= Halfdan (fl. 782–807) =

Danish leader

Halfdan (floruit 782–807) was a leading person among the Danes and the first known Scandinavian to enter Frankish service. Onomastics links him to the Danish royal family since the name "Halfdan" was commonly employed both historically (as attested by the Annales Fuldenses under the year 873) and in the legendary royal lineage.

Halfdan was the envoy sent by King Sigfred to the court of the Frankish emperor Charlemagne in 782, as recorded in the Frankish chronicle Annales regni Francorum.

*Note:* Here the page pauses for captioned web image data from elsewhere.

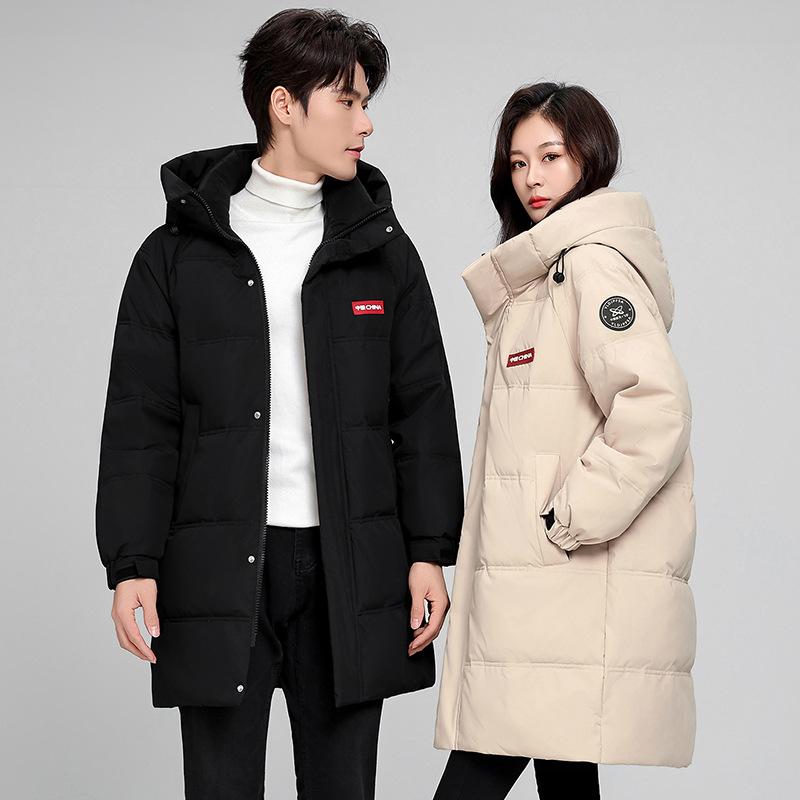 New down jacket men's and women's medium and long thickened warm white duck down fashionable versatile couple coat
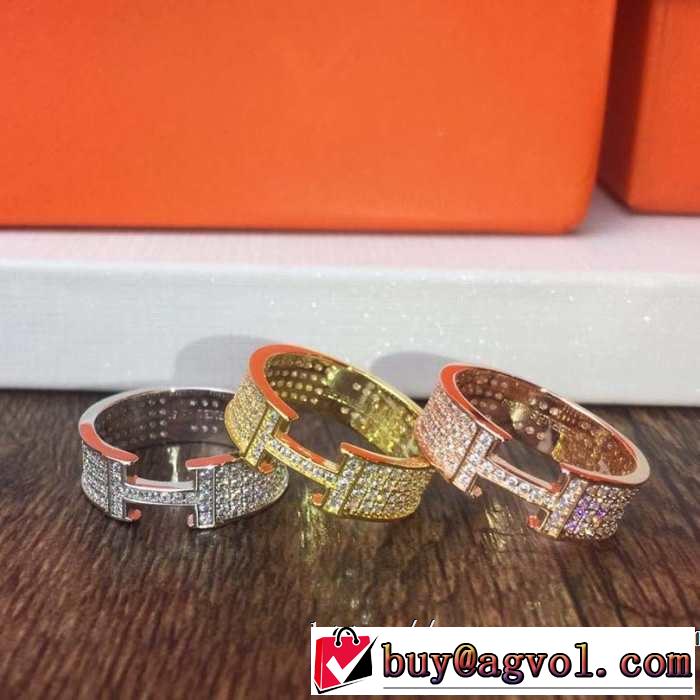 3色可選 キレイめ感が強い エルメス春夏の流行り2019新品 HERMES 甘過ぎず大人な印象に リング/指輪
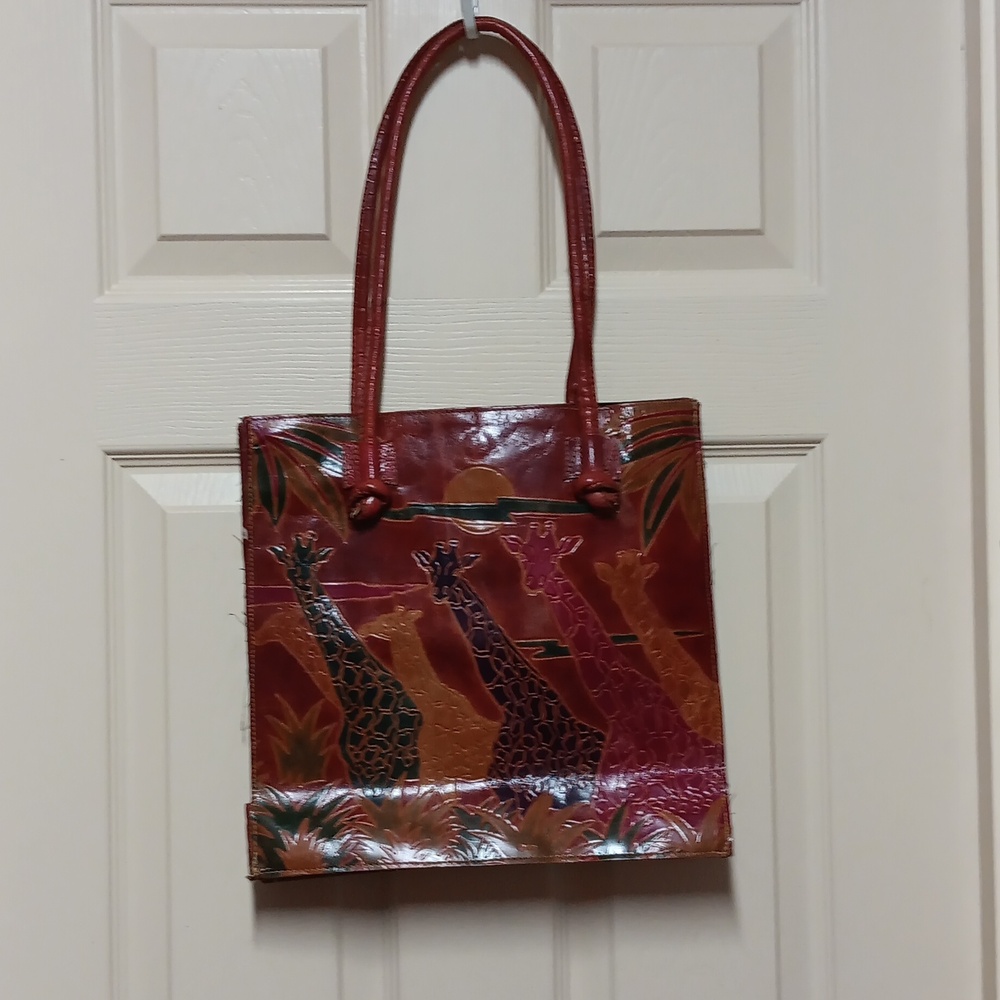 Vintage 1990s Emily Ann Hand Painted Giraffe Leather Tote Bag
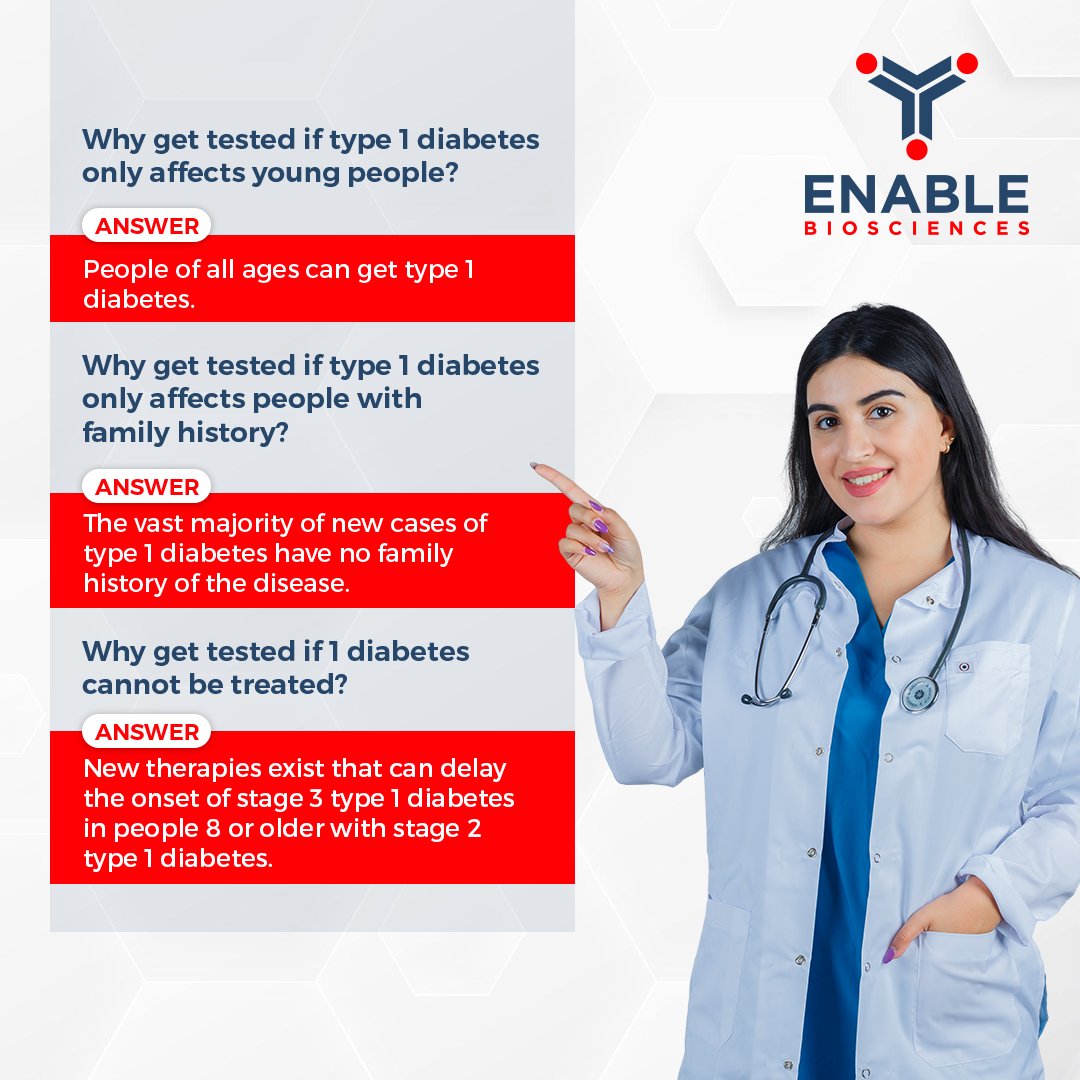 EnableBio's tweet image. Why get tested for type 1 diabetes?

#t1d
#type1diabetes
#type1warrior 
#t1dawareness 
#t1dlookslikeme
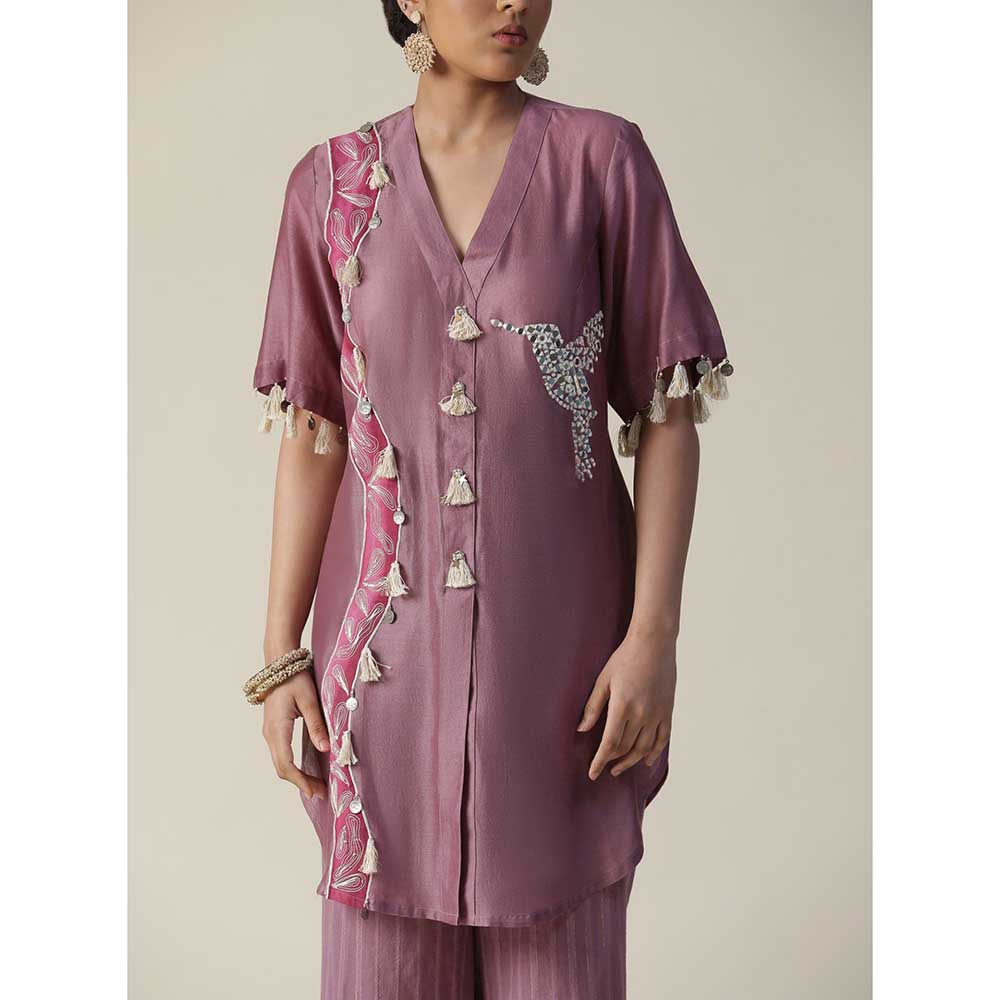 Arpita Sulakshana Rosy Mauve Hand Painted Embroidered Co-Ord (Set of 2)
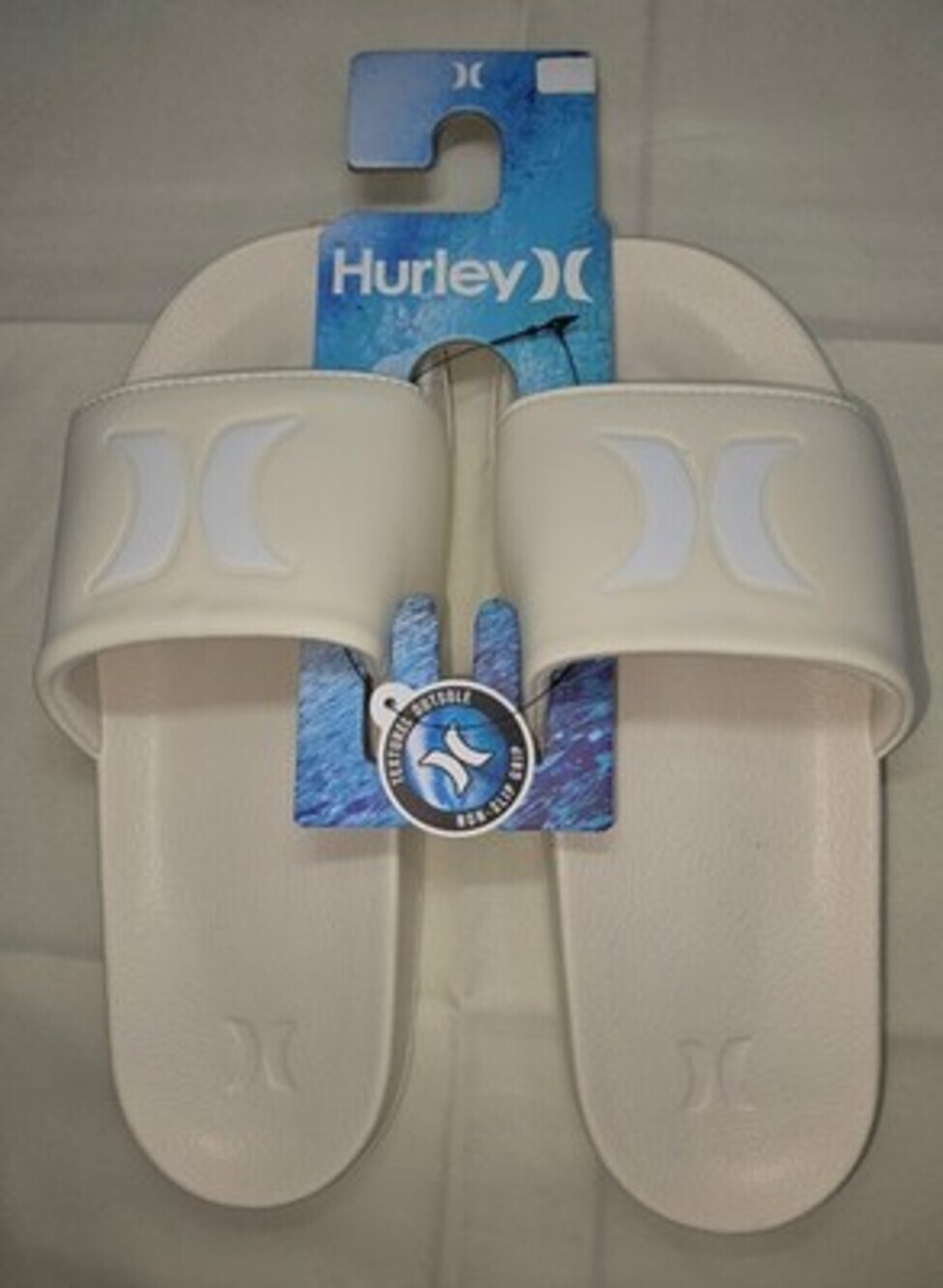 Hurley Men's Icon Slide Sandals with Textured Outsole in White Size: 12 - Picture 1 of 3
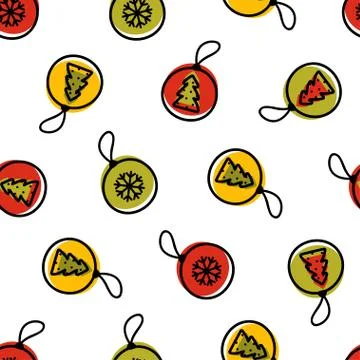 Christmas tree decoration seamless pattern Stock Illustration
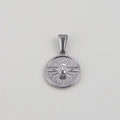 Polished silver stainless steel round pendant with embossed holy dove and sunburst pattern - Steel-Round Peace Dove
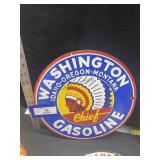 12" Washington Gasoline Porcelain Sign, per seller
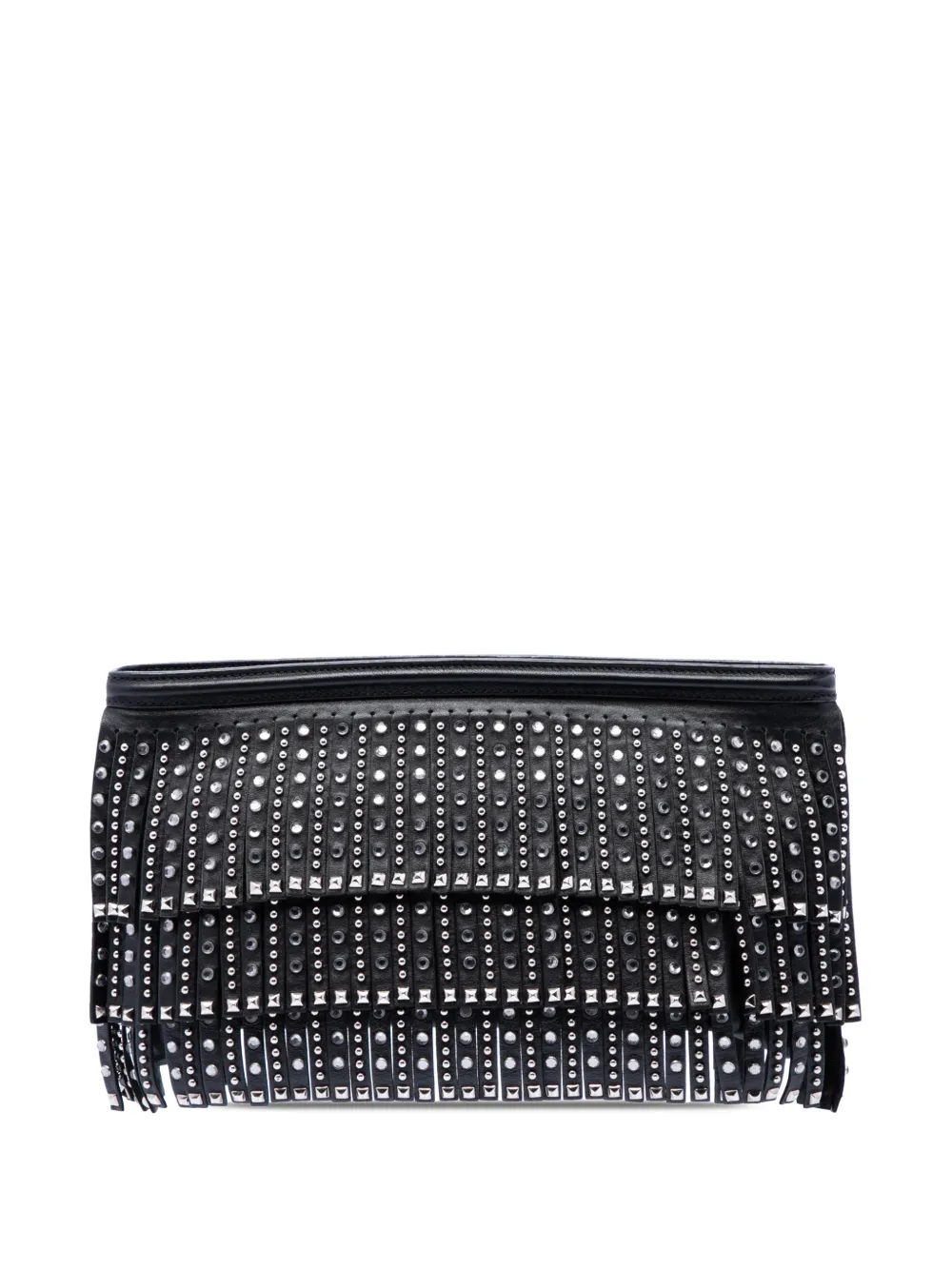 Prada Pre-Owned 2010-2026 Crystal Embellished Leather Fringe clutch bag - Schwarz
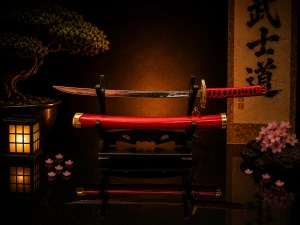 Mini Katana – Červená se zlatými detaily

An anonymous Saxon poet praising Charlemagne in Latin epic verse mentions Halfdan's commendation to the emperor in the year 807:
| Northmannorum dux, Alfdeni dictus, / Augusto magno sese comitante caterva / Subdidit, atque fidem studuit firmare perennem. | A leader of the Northmen, called Halfdan, submitted to the great Emperor, accompanied by a host of others and strove to keep lasting faith. |
Although the Saxon poet wrote much later in the century, his poem is generally based on trustworthy sources like the Annales regni Francorum and this section is probably derived from a now lost earlier source. There is no record of Halfdan after 807 and he probably died not long thereafter, possibly already old at the time. A conversion to Christianity on Halfdan's part is not recorded, nor is a gift of land or a fief, but his son Hemming did convert and was probably ruling Frisia in 837. It is possible that this Frisian fief had been inherited from his father. If the identification of Hemming as a son of Halfdan is correct, then Halfdan was also the father of Anulo, Harald Klak and Reginfrid, all of whom were, for brief periods, co-rulers of Denmark.